ABSTRACT

The effective capacity can be defined as the amount of material or product available at each upstream stage of the supply chain. Beginning with the end user, how much could the upstream supplier provide at any given time to customers and so on up through the various tiers of the chain? Some texts measure capacity in the supply chain based on the capacity of warehouses, in the sense of how much can physically be stored. While storage space might be a concern if you are the manager or owner of a warehouse the effective capacity is how much can pass through your warehouse in a given period, rather than how much you can physically store. Movement through the warehouse will be limited by the speed and reliability of inward supply and by the availability of outward transport.
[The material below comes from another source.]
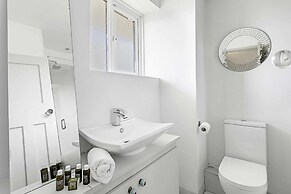 1-bed London Bliss: Putney Gem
The objective of good warehouse management is not to have huge amounts of material, but to have a high rate of throughput. Dangers and costs of large stocks of slow-moving stock at any stage of the supply chain are:

• Cost of premises • Cost of capital (interest on cash tied up in stock holding) • Handling costs • Insurance • Damage and deterioration of materials • Stock shrinkage due to miscoding and theft • Loss due to obsolescence, fashion changes and passed used by dates

Thus, the effective capacity is measured in terms of throughput for each stage of the supply chain. At the end of the supply chain effective capacity is the amount of finished product that can be supplied to end users on a daily basis. For example, in the military capacity could be measured by the number of rounds of ammunition, or the number of ration packs that could be supplied daily to the front line. Capacity is not the number that is supplied, but the number that could be supplied if required.